• [Crawled caption data]:

- Opening Delimiter -

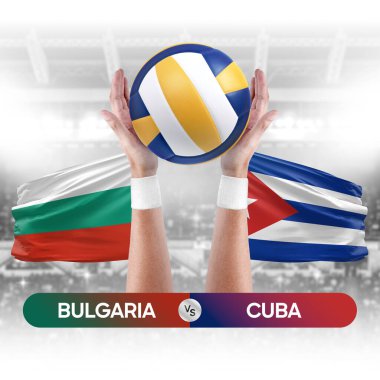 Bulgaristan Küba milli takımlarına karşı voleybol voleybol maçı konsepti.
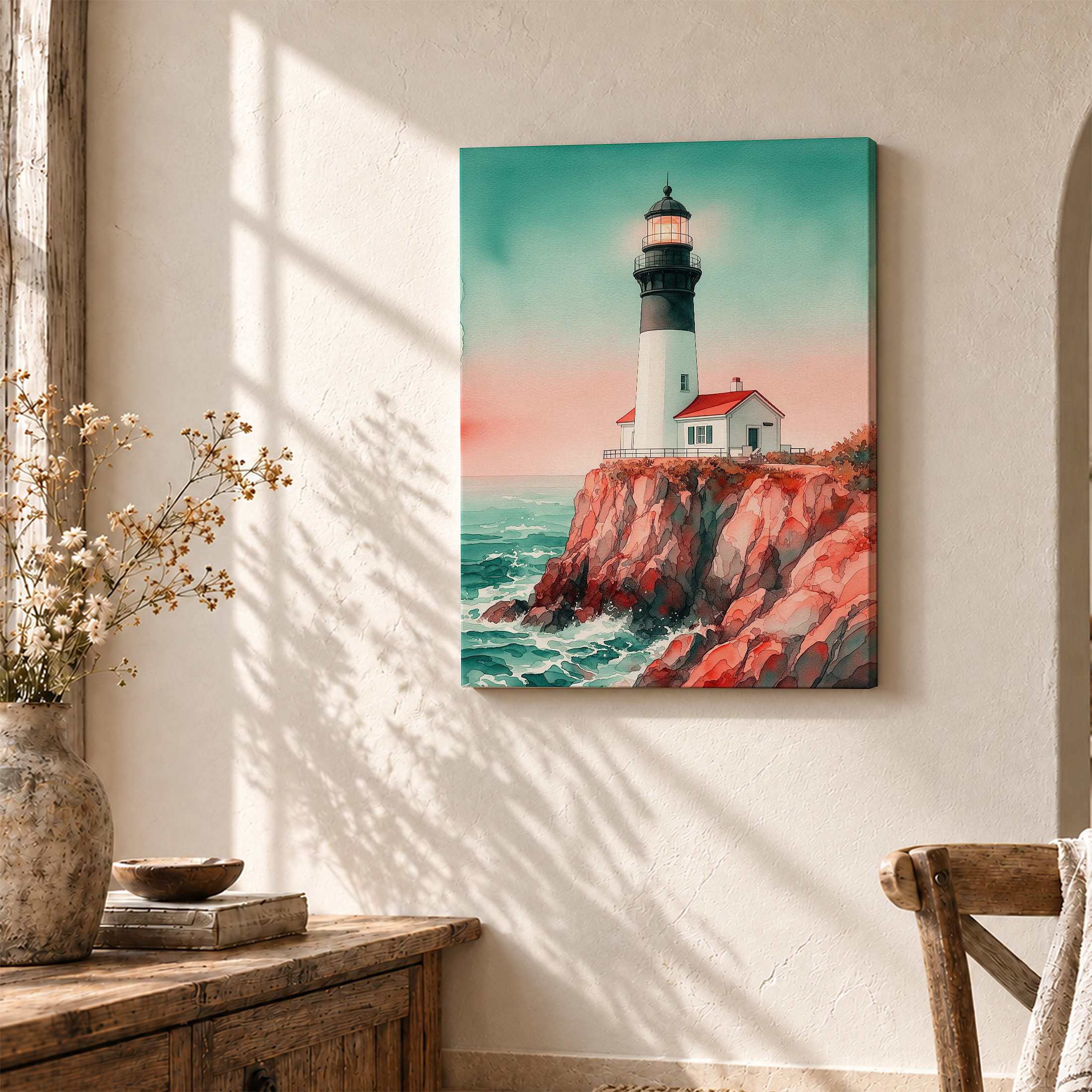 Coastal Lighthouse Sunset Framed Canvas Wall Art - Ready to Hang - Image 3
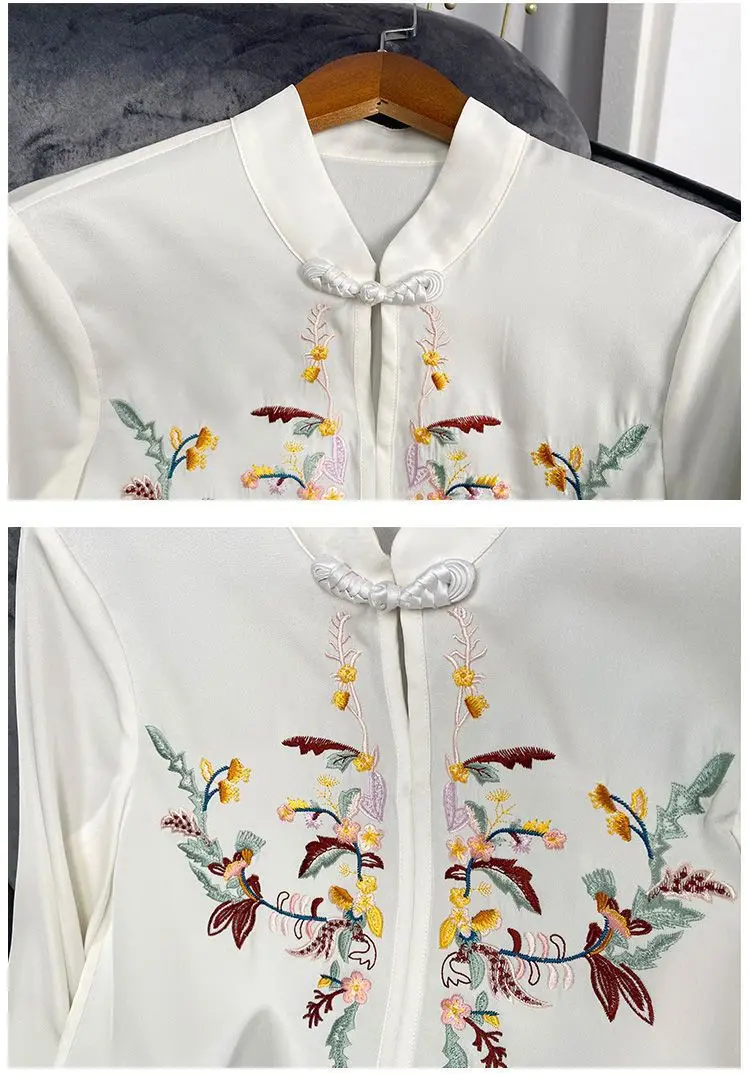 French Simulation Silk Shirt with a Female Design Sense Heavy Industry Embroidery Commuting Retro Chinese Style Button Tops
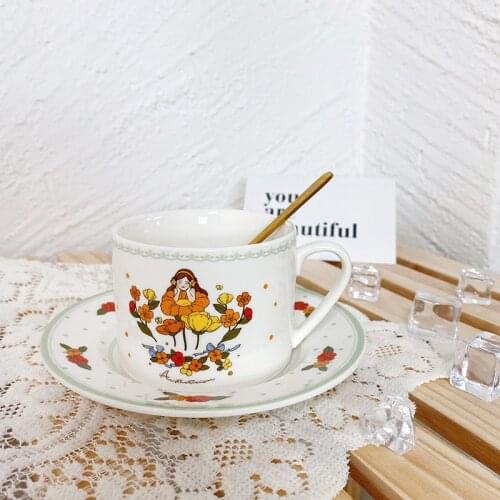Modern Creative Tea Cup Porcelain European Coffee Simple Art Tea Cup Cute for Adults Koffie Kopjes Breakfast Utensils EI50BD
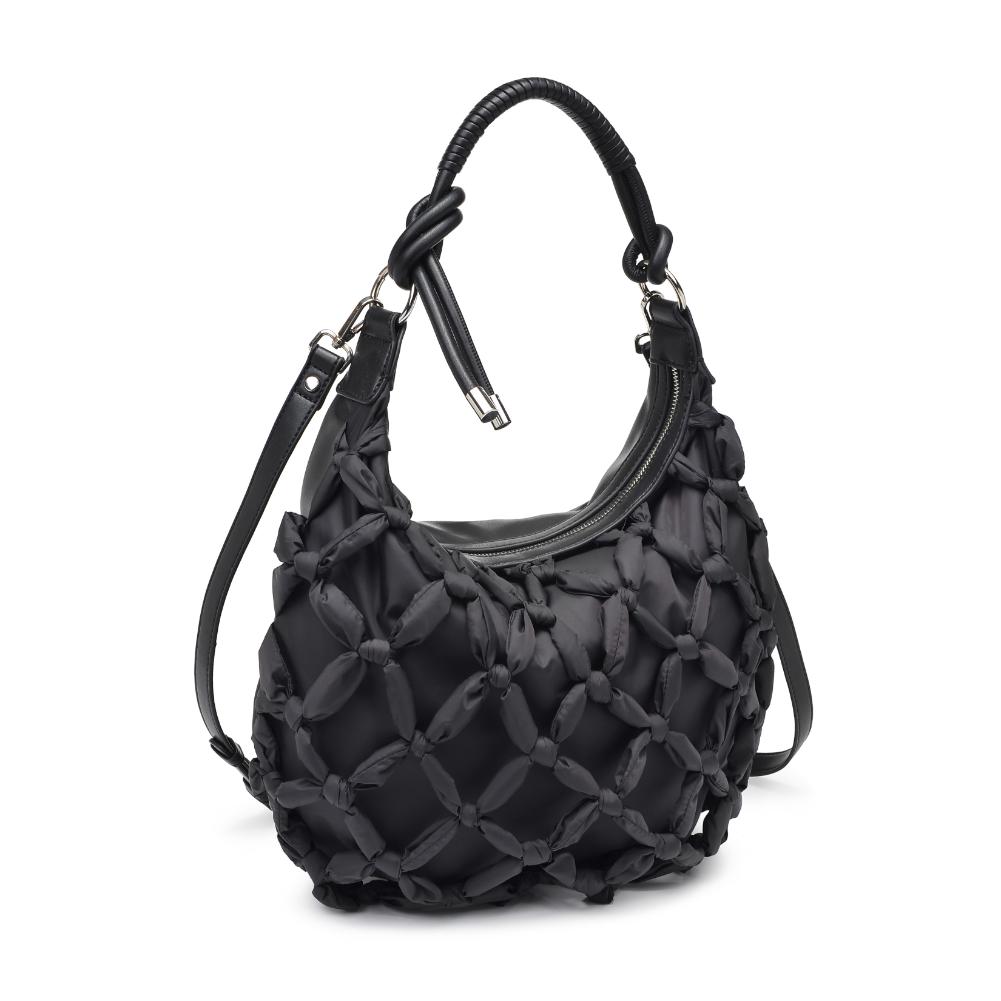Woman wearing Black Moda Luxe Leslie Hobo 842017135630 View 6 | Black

- Closing Delimiter -

• [Your task]:
For the entries above, return an exact copy that omits the images.

• [Written solution]:
 Bulgaristan Küba milli takımlarına karşı voleybol voleybol maçı konsepti.
 Coastal Lighthouse Sunset Framed Canvas Wall Art - Ready to Hang - Image 3
 French Simulation Silk Shirt with a Female Design Sense Heavy Industry Embroidery Commuting Retro Chinese Style Button Tops
Modern Creative Tea Cup Porcelain European Coffee Simple Art Tea Cup Cute for Adults Koffie Kopjes Breakfast Utensils EI50BD
Woman wearing Black Moda Luxe Leslie Hobo 842017135630 View 6 | Black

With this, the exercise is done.